Post by Angelo Santino »

B. wrote: Thu Apr 15, 2021 3:15 pm3 - We know that's how things ended up later, but the DiLeonardos were involved from the first decade of the 1900s. That's what makes this difficult. You can look at someone like Girolamo Asaro who lived in Manhattan and ran a saloon where the Manhattan Castellammarese hung out, but no doubt he was part of the family based in Williamsburg given his background and Carlo Costantino bailing him out of jail, plus all his descendents joining the Bonannos. But that wasn't followed 100% of the time, so who knows. Al D'Arco's sponsor Joe Schiavo was a Castellammarese who lived on the Brooklyn/Queens border and reported to a captain whose family came from Trapani (Vario), but they were all Luccheses, a family that was centered in the Bronx/EH.
We really don't know much of what DiLeonardo was doing though either, he wasn't involved in counterfeiting so the SS wasn't on him and if he met Cascioferro during this time, the agents failed to identify him. Now, the SS didn't capture everything so that's not indicative of anything. Cascioferro, aside from Morello and Boscarino (of Bisac.), he was friendly with Inzerillo (Resuttana) and others in Lower Italy, he even had one friend described as a French-Italian.

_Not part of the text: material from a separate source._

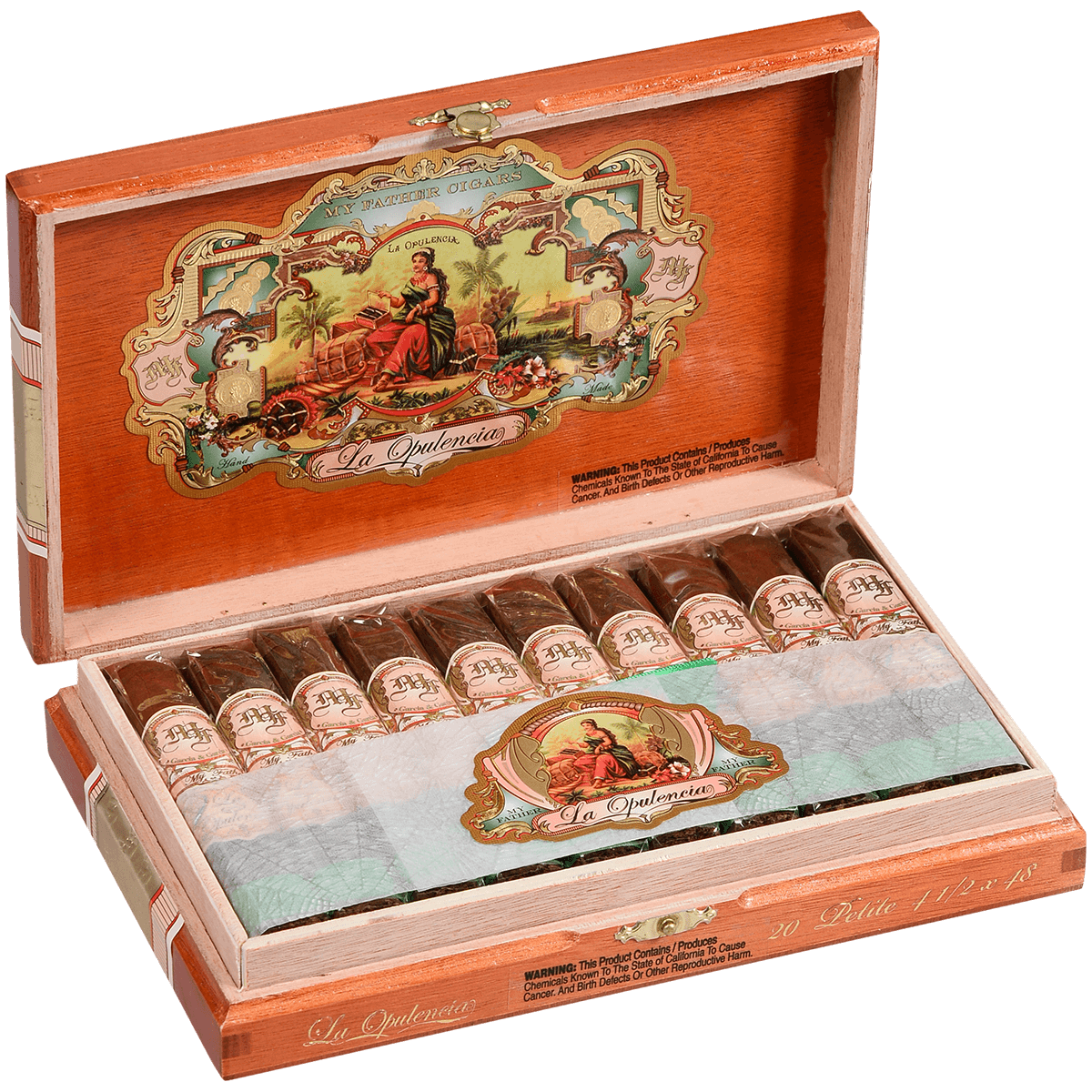 My Father La Opulencia Petite 20ct 4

He had a nephew in the 1900's named Peppino, in 1914 Clemente met a Cascio nephew with the surname Guarino who was 25 making him likely too young to be ripping and running a decade prior. Anyway, there's current Guarino's in the Gambinos today, are they Bisacquinese?
B. wrote: Thu Apr 15, 2021 3:15 pm 4 - This must have happened, but it kind of goes against the argument you make in your article (which I agree with)... while there were exceptions, it looks like the NYC families were formed mainly around compaesani lines, and we know most other US families were formed that way. What confuses it is that compaesani were typically centered in a specific colony, so you do see territory-based affiliation but it's hard to separate how much of that is location vs. the fact that compaesani tended to live near each other. But you also see people like the Bronx Palermitani who "should" have gone with the Lucchese/Genovese but didn't.
I don't see it that way. I mean it's a fact, not my own theory that these affiliations ran on regional affiliation. We see elements of it in the modern times. But it's like anything with this subject, there are exceptions. We have examples of members who didn't go through a ceremony, who didn't have to kill someone, who wasn't even Italian on his father's side. These exceptions don't delegitimize the normal standard.

Sicilians are quite proud of where they came from so there is that. But even more importantly, the mafia is an interpersonal organization that recruits through close friends and relatives. Given mobility at the time, we tend to see Families with membership all centered in one city or area. But if you're a member and you had the chance to deal with a stranger from your hometown or with another member from a different city, you'd likely choose the other member.
B. wrote: Thu Apr 15, 2021 3:15 pm This does go back to Palermo, though. We know Sicilian mafia affiliation was based almost entirely around neighborhood and village, yet Allegra was a Trapanese made into a Palermo family. However he doesn't seem to have had a mafia background and was living in Palermo, so that makes sense. Then you have the early Catania members who reported to a Palermo family. They didn't have a family yet but given the territorial nature of the Sicilian mafia you'd think Catania members would report to a closer family in Caltanissetta or Agrigento. It does actually make sense that they would be under the sponsorship of a family in the island's powerbase of Palermo. I think it's for similar reasons that you typically see NYC families with "remote" crews (i.e. Springfield, Montreal) even though there were other families closer to them.
Yeah, many would think that just like they'd think Phila.'s Boston Crew should be affiliated with the Patriarcas or the Gens, but it has to do with affiliation and their ran through Phila. I always assumed it spread throughout Sicily that way.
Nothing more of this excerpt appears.